**TASK BRIEF**
Your answer should hold every line of the records below that contains the string "Sleeve".

**RECORDS FOR THE EXERCISE**
__________
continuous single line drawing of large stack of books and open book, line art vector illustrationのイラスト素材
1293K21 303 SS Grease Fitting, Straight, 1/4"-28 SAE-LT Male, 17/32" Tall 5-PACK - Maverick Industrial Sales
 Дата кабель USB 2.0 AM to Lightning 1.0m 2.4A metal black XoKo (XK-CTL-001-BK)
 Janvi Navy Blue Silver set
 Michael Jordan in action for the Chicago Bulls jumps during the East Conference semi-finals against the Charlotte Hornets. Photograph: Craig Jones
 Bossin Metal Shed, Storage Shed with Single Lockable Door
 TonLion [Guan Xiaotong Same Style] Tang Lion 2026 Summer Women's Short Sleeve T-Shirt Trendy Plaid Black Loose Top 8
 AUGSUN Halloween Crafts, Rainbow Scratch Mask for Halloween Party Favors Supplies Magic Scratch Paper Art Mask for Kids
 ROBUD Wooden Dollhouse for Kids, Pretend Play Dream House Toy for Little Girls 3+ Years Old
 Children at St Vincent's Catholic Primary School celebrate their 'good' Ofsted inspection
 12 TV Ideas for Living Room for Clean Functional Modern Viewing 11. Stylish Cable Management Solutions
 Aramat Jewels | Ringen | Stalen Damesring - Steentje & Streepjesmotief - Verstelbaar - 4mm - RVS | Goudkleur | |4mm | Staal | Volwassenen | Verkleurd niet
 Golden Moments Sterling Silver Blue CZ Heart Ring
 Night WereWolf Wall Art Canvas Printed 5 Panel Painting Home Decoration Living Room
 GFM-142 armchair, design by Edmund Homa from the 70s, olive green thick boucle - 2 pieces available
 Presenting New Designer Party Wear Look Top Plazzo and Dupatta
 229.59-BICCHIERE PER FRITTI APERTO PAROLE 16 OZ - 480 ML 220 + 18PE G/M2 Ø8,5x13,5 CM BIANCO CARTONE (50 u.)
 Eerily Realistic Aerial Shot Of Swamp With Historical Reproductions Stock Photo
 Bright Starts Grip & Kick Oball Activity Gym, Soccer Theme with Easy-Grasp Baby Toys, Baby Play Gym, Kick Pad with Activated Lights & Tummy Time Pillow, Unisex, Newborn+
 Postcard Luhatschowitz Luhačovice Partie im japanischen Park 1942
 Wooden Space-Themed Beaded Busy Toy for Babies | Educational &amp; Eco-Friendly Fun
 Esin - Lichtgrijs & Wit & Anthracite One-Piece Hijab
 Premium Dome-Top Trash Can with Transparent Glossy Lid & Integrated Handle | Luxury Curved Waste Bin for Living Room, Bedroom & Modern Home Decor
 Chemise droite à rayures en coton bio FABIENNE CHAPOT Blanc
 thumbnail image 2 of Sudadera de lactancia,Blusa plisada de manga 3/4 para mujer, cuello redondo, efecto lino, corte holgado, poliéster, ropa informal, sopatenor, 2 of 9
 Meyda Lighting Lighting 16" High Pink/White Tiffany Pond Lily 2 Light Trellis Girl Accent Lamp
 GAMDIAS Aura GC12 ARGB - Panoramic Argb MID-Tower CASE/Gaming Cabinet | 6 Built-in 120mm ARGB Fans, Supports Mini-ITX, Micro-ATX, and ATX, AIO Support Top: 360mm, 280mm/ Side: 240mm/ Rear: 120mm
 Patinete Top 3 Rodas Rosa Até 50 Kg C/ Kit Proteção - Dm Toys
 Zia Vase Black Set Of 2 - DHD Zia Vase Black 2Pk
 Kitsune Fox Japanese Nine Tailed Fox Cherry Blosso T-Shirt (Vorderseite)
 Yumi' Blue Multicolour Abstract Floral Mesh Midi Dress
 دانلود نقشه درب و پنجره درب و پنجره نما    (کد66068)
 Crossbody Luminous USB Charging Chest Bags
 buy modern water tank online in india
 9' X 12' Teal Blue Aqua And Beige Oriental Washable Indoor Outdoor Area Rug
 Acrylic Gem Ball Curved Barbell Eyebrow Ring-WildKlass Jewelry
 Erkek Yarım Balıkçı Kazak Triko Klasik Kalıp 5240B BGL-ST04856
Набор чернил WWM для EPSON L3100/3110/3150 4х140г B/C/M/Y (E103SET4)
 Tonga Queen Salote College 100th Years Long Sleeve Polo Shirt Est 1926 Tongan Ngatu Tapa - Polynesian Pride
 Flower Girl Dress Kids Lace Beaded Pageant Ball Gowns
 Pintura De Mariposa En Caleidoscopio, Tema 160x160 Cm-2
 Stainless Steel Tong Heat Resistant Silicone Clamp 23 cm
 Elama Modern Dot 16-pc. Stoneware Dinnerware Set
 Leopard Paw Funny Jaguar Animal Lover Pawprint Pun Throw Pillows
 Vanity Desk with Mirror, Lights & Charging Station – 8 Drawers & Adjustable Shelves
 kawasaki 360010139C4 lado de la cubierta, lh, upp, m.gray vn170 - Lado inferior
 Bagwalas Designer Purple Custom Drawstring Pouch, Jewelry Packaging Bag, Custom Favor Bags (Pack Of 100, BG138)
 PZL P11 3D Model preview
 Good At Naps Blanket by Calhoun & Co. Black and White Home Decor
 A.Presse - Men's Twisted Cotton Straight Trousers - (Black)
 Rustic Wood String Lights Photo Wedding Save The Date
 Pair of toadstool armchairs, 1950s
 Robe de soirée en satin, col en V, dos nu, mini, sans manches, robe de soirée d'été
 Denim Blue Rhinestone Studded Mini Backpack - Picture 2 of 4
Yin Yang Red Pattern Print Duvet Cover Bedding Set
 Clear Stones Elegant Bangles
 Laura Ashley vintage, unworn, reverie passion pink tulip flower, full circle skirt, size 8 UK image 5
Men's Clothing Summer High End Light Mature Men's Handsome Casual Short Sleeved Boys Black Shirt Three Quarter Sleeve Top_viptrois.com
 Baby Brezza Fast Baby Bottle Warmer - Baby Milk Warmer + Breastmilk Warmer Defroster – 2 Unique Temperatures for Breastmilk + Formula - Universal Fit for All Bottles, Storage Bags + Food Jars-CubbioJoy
__________
**SOLUTION TO THIS EXERCISE**
 TonLion [Guan Xiaotong Same Style] Tang Lion 2026 Summer Women's Short Sleeve T-Shirt Trendy Plaid Black Loose Top 8
 Tonga Queen Salote College 100th Years Long Sleeve Polo Shirt Est 1926 Tongan Ngatu Tapa - Polynesian Pride
Men's Clothing Summer High End Light Mature Men's Handsome Casual Short Sleeved Boys Black Shirt Three Quarter Sleeve Top_viptrois.com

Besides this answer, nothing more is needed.